Both of these special interest groups focus on priorities that disregard the adequate treatment of prisoners. Public officials typically claim that the purpose of privatizing correctional facilities is a desire to cut costs; the problem lies in the companies’ desire to reduce expenses in order to maximize their profits. Profit-driven prisons often have a tendency to lower wages for prison staff, to make less frequent improvements to infrastructure, and to provide substantially poorer quality of medical care—all factors that lead to worse prison conditions and greater incidents of prisoner violence.

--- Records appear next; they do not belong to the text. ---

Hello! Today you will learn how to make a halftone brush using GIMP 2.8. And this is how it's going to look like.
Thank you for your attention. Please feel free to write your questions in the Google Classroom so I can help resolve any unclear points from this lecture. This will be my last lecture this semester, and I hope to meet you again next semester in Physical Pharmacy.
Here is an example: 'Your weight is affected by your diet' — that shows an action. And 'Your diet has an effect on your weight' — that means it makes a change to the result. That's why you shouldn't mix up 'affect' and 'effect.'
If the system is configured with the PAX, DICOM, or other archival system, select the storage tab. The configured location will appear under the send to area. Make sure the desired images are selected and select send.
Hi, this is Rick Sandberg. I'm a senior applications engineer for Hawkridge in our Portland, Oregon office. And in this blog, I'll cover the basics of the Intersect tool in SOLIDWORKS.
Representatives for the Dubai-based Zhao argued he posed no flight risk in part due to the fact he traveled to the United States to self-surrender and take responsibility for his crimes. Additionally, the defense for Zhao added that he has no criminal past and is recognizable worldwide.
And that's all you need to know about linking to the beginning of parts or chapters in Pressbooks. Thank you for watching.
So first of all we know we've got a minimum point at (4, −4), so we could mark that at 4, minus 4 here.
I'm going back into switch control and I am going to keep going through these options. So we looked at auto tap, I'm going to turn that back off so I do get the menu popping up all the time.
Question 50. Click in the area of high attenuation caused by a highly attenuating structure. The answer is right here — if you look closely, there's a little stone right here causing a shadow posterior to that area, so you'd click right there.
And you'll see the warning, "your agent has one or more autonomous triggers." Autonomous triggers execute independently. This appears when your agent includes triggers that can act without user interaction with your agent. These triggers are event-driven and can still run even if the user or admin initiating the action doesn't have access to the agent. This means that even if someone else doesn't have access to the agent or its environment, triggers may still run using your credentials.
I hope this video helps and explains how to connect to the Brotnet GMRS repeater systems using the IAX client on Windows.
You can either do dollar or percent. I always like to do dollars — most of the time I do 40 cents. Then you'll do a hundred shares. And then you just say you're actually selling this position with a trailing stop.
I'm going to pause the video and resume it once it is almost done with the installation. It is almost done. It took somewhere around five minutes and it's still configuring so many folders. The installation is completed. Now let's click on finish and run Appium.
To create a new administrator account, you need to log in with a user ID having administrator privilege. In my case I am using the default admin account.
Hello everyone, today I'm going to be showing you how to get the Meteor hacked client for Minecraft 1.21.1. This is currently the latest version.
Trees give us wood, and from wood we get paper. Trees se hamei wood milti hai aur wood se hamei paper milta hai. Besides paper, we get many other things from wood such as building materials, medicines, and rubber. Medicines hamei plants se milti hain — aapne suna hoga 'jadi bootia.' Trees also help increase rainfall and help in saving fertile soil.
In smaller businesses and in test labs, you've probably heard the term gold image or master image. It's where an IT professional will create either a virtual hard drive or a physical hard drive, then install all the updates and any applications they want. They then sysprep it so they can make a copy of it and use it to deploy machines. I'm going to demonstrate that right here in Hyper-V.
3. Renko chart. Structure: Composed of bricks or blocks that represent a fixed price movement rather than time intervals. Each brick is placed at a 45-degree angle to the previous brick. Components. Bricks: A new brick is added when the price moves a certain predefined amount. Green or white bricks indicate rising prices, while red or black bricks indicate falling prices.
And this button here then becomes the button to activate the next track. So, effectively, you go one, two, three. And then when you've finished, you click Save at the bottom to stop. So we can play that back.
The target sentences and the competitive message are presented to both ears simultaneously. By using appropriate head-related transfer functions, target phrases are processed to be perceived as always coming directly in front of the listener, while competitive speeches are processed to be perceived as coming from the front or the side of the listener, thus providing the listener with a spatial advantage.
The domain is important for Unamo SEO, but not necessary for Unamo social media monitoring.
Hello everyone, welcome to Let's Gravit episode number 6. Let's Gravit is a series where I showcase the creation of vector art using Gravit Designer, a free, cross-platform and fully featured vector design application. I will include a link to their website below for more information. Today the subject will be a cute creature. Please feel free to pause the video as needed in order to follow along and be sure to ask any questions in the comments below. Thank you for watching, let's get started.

Similarly, the power of guard unions, which works to the benefit of prison guards’ salaries, often has a detrimental effect on prisons and prisoners. For example, the California Correction Peace Officer’s Association has long supported tougher sentencing laws in an attempt to increase the number of prisoners, and thus prison guards; some argue that the union’s political influence has prevented prison reform, even when the union has faced accusations of cover-ups of guard abuse. Similarly, the New York State Correctional Officers & Police Benevolent Association has repeatedly fought fiercely to protect union members accused of prisoner abuse from dismissal.
The examples of these two prison guard unions show clearly the ways in which special interest groups act counter to the interests of the public good. Our criminal justice system is meant to correct wrongful behavior and encourage future good behavior; it is not supposed to be a place for abuse or neglect. Neither prison guard unions nor private prison companies adhere to this goal—instead, they act for their own betterment. No longer should they serve an outsized role in this nation’s criminal justice system.